Segunda Roda:uma homenagem a Bucefalo Caligulis e Onanlegrense Tavarish

sábado, 9 de janeiro de 2010

MÁSCARAS DE PORTO ALEGRE:

UM ITINERÁRIO DA BUSCA DE UMA SIGNIFICAÇÃO

Airan Milititsky Aguiar*
Desde fins de 2000 busco uma significação para as máscaras presentes em prédios e monumentos de Porto Alegre dentro do corte temporal 1900-1930. O trabalho poderia ter dois momentos distintos, mas formando um todo orgânico: a produção e o consumo dessa forma simbólica.
Enfatizo o consumo, ou melhor, a tradução, no sentido da apreciação. A esfera da produção não possui menor validade de pesquisa. Há, porém, uma lacuna das fontes. Poucos são os registros que indicam, com certeza suficiente, quais artistas confeccionaram tais objetos. Portanto, abordar as lutas internas da esfera da produção torna-se praticamente impossível.
Sempre almejei “fazer a história vista de baixo”, não pretendo, portanto, que este trabalho constitua instância legitimadora das máscaras enquanto obras de arte, mas sim buscar significações possíveis para elas dentro das visões de mundo da época. Tarefa árdua. Que fazer? Inicialmente, utilizei o recurso de registrar a impressão causada à primeira vista. Sentia-me fitado. A partir de tal, aliado à descrição da Gorgona - entidade mitológica grega manifestada e portadora da máscara - criei uma hipótese provisória da máscara enquanto vigilância. Parti então para uma análise espacial: para onde se destinava o emprego das máscaras?


Mascara em fechamento de arco. PortÃo principal Delegacia Fsical/MARGS

O caso emblemático: o antigo prédio da Delegacia Fiscal, atual Museu de Arte do Rio Grande do Sul. Ao aproximar-se da porta de entrada, duas pequenas máscaras, justamente à altura dos olhos, fitam o observador. Acima, no fechamento do arco da porta, encontra-se outra máscara embaixo de uma alegoria representando o comércio e a agricultura . Desnecessário continuar a descrever: elas sempre fitam quem lhes fita! Inclusive com angulações para dar tal efeito. Tal particularidade sugeriu a idéia de “panóptico”, de “induzir no detento um estado consciente e permanente de visibilidade que assegura o funcionamento automático do poder”. As máscaras esquadrinham no espaço com seu olhar o nosso.
Busquei na literatura da época alguma referência a relações de olhar. O titulo me levou “As Máscaras”, de Menotti del Picchia. Trata-se de um certo triângulo amoroso, o jogo de olhares é, na trama, fundamental.
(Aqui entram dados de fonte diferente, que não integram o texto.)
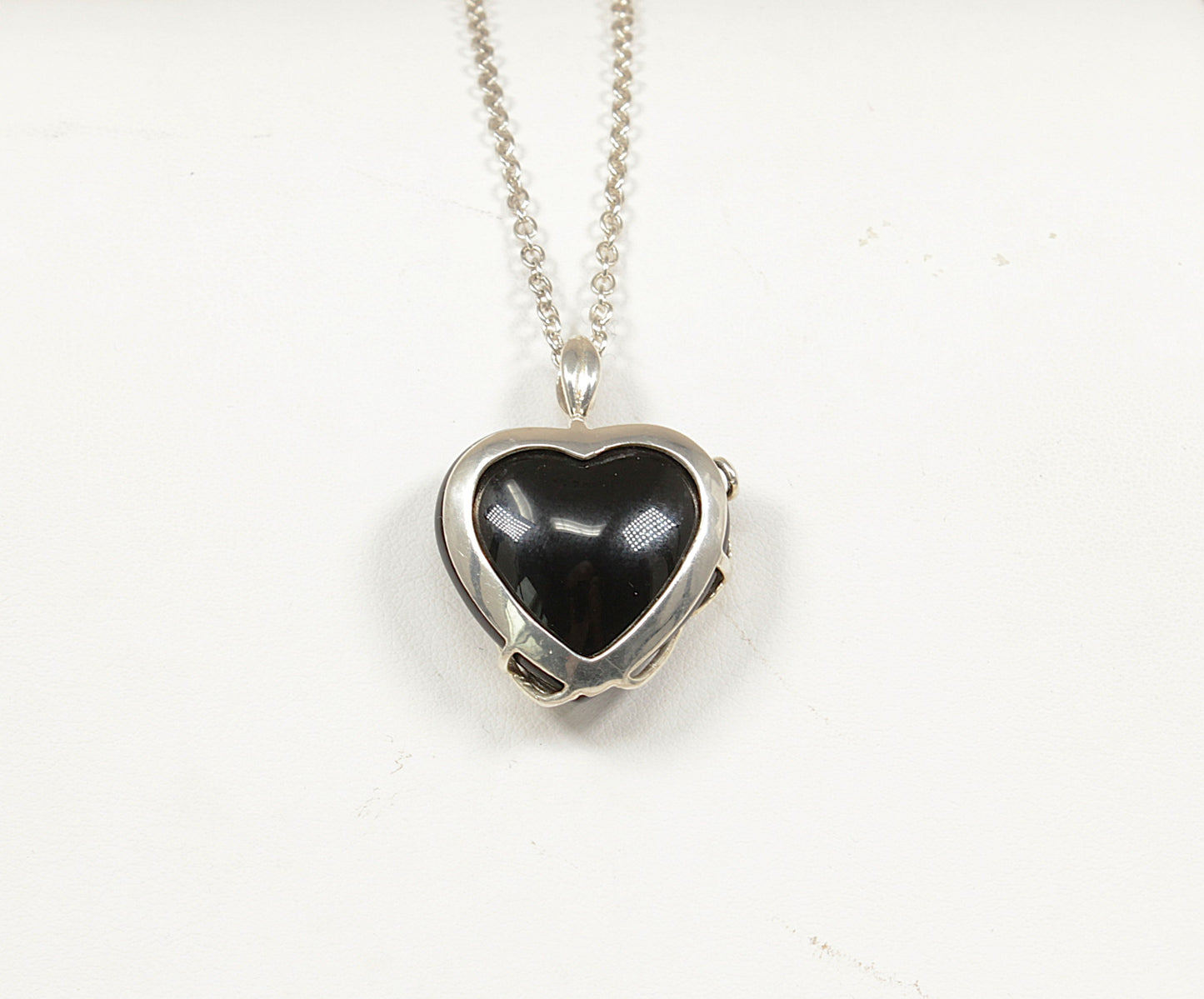 Silver Art Nouveau Style Onyx Heart Pendant and Chain Necklace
Um exemplo:

...
Era tal a expressão do seu olhar profundo,
que não póde existir outro igual neste mundo!
(...)
Tão vivos que, Arlequim, desvairado, os suppuz
duas boccas de treva a erguer brados de luz!
Tripudiavam o bem e o mal nos seus refolhos.

O bem e o mal, o bonito e o feio, o velho e o moço, o bizarro e o convencional, o bestial e o celeste. Como as máscaras do teatro grego, destinadas a cobrir a face de quem a portava, eram duas: a da tragédia e a da comédia. As máscaras em geral em prédios públicos assim se apresentam, em oposições. Tem “a cara lavada” muitas vezes. Quem sabe, um refolho de sua presença a procurar a dos outros e sem dar sentença faz o outro dar a si próprio! Máscara: o espelho de quem a vê.
Esta é uma significação possível, mas como se articula em prática torna-se um novo problema de pesquisa, já dizia Pascal: “A última coisa que se encontra ao fazer uma obra é a compreensão do que se deve colocar em primeiro lugar”. Reflete sobre isso Lucien Goldman: “... o estudo de um problema nunca esta acabado, nem em seu conjunto nem em seus elementos. O pensamento uma operação viva, cujo progresso é real sem ser, entretanto , linear e, sobretudo, sem nunca estar acabado”.